Undang-Undang Nomor 27 Tahun 2022 tentang Perlindungan Data Pribadi atau UU PDP mengatur mengenai Lembaga Perlindungan Data Pribadi (PDP). Selain itu juga diatur mengenai sanksi atau hukuman untuk pelanggaran UU PDP. Sanksi ini berlaku bagi penyelenggara sistem elektronik (PSE) baik pemerintah (publik), swasta (privat), perseorangan, maupun korporasi.
UU DPD mengamanatkan pembentukan Lembaga PDP di bawah Presiden dan bertanggung jawab kepada Presiden. Lembaga PDP diatur dalam Pasal 58 dan 60.
Lembaga ini memiliki sejumlah fungsi dan tugas, di antaranya, merumuskan dan menetapkan kebijakan serta strategi PDP, pengawasan penyelenggaraan PDP, penegakan hukum administratif terhadap pelanggaran UU PDP, dan memfasilitasi penyelesaian sengketa di luar pengadilan (out of court) terkait perlindungan data pribadi di ranah digital.
Dalam draf UU PDP, terdapat dua jenis sanksi bagi pelanggar data pribadi. Jenis pertama, bagi pengendali atau pemroses data pribadi jika melanggar ketentuan UU PDP. Di antaranya, tidak memproses data pribadi sesuai tujuannya dan tidak mencegah akses data tidak sah.

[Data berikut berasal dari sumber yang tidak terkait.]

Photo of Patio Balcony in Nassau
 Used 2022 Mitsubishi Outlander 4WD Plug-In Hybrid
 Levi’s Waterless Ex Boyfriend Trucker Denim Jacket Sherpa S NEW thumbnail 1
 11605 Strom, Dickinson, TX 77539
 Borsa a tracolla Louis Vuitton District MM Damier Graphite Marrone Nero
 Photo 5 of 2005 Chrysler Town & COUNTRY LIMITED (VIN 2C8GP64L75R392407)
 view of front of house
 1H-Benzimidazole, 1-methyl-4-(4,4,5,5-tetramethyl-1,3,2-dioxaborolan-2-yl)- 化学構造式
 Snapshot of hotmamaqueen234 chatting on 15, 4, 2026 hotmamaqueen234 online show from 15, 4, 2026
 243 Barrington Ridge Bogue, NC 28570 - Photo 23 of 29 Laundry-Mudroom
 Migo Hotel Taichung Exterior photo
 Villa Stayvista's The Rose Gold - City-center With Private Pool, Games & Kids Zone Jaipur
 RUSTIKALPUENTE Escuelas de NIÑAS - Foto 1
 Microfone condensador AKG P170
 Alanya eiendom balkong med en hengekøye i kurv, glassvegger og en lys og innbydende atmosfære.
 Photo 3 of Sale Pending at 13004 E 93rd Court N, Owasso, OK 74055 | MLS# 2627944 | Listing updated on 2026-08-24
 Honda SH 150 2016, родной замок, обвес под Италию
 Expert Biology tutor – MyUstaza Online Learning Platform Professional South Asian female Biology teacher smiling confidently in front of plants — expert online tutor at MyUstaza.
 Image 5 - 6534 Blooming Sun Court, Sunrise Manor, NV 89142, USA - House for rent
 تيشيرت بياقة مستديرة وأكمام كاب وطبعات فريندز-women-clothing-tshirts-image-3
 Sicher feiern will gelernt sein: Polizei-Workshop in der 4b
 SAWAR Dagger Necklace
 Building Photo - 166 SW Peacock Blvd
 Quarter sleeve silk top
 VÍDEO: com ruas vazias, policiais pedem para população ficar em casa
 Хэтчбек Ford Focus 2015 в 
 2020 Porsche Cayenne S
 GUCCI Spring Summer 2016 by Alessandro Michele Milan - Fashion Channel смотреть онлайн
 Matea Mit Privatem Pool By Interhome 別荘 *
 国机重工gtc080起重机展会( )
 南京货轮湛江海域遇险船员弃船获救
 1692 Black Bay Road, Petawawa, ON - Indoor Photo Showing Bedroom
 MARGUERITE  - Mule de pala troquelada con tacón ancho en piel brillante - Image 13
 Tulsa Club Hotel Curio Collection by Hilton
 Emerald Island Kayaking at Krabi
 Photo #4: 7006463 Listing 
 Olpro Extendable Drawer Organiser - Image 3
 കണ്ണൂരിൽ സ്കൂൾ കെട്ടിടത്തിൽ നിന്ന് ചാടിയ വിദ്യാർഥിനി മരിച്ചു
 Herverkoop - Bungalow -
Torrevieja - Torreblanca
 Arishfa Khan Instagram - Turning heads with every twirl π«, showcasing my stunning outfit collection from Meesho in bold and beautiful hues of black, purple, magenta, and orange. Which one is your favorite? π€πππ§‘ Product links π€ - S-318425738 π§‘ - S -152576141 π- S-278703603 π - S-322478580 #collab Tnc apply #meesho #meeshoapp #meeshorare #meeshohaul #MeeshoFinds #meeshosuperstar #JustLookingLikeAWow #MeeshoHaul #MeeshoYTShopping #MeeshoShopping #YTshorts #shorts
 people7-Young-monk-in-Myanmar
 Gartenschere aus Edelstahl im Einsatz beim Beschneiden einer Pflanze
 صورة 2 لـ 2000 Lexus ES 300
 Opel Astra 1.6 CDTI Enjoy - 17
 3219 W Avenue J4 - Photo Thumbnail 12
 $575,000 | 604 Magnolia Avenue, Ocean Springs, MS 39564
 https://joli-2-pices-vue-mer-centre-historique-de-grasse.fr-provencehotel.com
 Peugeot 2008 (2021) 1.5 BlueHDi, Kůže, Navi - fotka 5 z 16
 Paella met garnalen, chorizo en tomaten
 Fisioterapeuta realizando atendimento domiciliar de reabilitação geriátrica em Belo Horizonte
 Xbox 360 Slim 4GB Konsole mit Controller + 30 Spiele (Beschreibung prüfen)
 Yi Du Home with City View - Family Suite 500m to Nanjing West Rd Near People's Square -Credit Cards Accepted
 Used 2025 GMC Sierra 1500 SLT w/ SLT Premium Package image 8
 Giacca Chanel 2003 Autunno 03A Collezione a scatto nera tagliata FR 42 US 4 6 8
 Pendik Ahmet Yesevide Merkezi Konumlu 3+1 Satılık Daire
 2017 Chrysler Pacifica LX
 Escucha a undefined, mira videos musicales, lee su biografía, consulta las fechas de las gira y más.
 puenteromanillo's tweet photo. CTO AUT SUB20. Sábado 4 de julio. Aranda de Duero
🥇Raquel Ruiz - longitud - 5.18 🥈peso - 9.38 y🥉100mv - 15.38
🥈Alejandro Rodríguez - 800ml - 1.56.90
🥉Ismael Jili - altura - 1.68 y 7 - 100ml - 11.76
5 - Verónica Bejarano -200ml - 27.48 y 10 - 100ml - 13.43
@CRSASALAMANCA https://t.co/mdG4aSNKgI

Sanksi hukum terdiri dari empat jenis, yaitu pertama, sanksi administratif dalam Pasal 57 UU PDP berupa peringatan tertulis; kedua, penghentian sementara kegiatan pemrosesan data pribadi; ketiga, penghapusan atau pemusnahan data pribadi; dan/atau keempat, denda administratif/paling tinggi dua persen dari pendapatan tahunan atau penerimaan tahunan terhadap variabel pelanggaran.
Jenis kedua, bagi orang perseorangan atau korporasi yang melakukan perbuatan terlarang. Di antaranya, mengumpulkan data pribadi yang bukan miliknya untuk menguntungkan diri sendiri atau orang lain mengungkapkan data pribadi yang bukan miliknya dan memalsukan data pribadi untuk keuntungan yang mengakibatkan kerugian bagi orang lain dapat dikenakan Pasal 67 sampai dengan 73 UU PDP.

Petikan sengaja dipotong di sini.